Então, o alvo de “The Society” são os ricos?

Tu ganhas a lotaria, e pensas que tornarás poderoso porque ganhaste por fim muito dinheiro, mas não! O poder já vem de família, do sangue que corre nas veias. Gostamos de pensar que os poderosos são celebridades como a Rihanna, mas não, os poderosos não dão a cara, nem sequer os conhecemos. E só representa 1% da população, mas são eles, os ricos, que usam os outros, dominam-os.

A paranóia não é conspiração, tu não vês quem tem o poder. O alvo de “The Society” é a sociedade, não são exclusivamente os ricos nem sequer as classes. Mas lembrem-se, no final Billy vence. Ele vence os seus fantasmas, os seus medos, esmurra o seu “pai”, depois foge e ninguém o persegue. Entenderam, ninguém vai atrás dele, afinal, por que perseguir? Os ricos exploram-nos, entendem? (risos)

Apesar do conceito, “The Society” é um filme sério, é isso?

Ou seja, “The Society” lida com inúmeros elementos, ao mesmo tempo que tem a base de vários filmes de terror. Quis tentar divertir-me com isso, parecendo um daqueles casos em que uma nave espacial traz algo de mau do espaço. Contudo, nunca tive intenção de fazer Society um filme sério, nem sequer de alcançar a posição de um artista. Quis fazer um tipo de horror com este tipo de material bom. Foi quase como fazer “The Exorcist” (sim, é mais sério que “The Society”), o quão divertido é de ver aquela rapariga a ser possuída, isso é que é um filme de género. Por isso nos divertimos com o exploitation, fizemos de A Sociedade uma espécie nova.

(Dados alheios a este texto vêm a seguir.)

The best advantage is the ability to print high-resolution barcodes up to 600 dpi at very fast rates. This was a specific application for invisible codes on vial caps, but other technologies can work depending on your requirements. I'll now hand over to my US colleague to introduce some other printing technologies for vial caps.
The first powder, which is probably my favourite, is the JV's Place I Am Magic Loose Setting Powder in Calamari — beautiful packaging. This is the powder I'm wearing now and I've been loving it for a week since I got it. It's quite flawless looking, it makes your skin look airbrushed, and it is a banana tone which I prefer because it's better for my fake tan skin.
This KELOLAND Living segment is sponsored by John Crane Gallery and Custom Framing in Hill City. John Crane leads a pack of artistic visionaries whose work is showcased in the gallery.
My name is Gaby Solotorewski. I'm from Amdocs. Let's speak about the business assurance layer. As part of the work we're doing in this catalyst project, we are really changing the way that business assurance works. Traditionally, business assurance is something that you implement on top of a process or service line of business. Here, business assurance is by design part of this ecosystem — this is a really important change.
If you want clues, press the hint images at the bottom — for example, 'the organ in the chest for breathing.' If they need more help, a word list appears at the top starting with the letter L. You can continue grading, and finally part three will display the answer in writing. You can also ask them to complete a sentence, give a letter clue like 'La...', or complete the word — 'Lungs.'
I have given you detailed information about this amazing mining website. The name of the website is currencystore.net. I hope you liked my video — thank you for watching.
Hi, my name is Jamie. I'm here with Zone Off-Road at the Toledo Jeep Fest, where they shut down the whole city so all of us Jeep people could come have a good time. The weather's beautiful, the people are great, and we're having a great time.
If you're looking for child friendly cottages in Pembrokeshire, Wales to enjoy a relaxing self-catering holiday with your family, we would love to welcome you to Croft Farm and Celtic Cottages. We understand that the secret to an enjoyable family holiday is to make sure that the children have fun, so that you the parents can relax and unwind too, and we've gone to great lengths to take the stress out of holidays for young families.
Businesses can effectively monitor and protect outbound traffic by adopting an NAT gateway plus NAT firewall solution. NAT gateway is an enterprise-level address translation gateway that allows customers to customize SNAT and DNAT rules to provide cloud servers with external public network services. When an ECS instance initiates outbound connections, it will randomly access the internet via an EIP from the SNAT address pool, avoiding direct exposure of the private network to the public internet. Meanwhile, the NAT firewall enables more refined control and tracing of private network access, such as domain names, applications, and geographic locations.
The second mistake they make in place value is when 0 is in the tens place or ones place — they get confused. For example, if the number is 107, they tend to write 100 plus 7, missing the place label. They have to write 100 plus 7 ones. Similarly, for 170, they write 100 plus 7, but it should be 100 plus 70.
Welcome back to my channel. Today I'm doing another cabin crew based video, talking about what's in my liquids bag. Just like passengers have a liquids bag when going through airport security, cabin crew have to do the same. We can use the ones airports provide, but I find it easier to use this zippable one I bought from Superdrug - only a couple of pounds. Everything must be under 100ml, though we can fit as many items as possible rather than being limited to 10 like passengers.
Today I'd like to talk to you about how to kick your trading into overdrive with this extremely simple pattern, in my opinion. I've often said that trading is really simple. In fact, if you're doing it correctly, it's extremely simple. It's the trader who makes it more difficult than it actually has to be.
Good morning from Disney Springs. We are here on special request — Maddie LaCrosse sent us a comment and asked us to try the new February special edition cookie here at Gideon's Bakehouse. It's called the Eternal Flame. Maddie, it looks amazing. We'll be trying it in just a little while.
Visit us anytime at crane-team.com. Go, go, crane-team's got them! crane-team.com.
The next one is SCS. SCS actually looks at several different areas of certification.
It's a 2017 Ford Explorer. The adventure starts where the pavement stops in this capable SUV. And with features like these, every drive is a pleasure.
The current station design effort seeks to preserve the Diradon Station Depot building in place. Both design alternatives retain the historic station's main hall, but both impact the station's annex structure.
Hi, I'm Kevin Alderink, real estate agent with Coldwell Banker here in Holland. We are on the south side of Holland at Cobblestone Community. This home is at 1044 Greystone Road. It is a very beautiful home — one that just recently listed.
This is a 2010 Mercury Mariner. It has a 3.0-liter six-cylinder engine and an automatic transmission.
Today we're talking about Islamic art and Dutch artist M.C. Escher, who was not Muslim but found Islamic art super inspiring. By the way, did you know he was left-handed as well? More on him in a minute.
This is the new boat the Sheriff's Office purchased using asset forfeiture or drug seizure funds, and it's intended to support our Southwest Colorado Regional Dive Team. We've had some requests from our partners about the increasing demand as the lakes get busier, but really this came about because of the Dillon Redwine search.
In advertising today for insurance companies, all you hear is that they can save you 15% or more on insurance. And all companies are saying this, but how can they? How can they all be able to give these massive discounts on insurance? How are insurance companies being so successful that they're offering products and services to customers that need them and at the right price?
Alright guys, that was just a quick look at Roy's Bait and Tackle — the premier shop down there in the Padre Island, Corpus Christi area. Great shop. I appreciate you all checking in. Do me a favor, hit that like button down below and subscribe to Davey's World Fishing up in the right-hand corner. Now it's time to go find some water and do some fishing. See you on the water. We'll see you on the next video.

O Brian tem medo de dentistas?

Fiquei com mais medo dos dentistas depois de fazer “The Dentist” [risos]. As pessoas acreditam que quando fazemos filmes sobre os nossos medos, deixamos de os ter, mas quando fiz “The Dentist” fiquei completamente horrorizado. Comecei a imaginar, a perceber, como tudo aquilo funciona. Sim, isso é que é horror.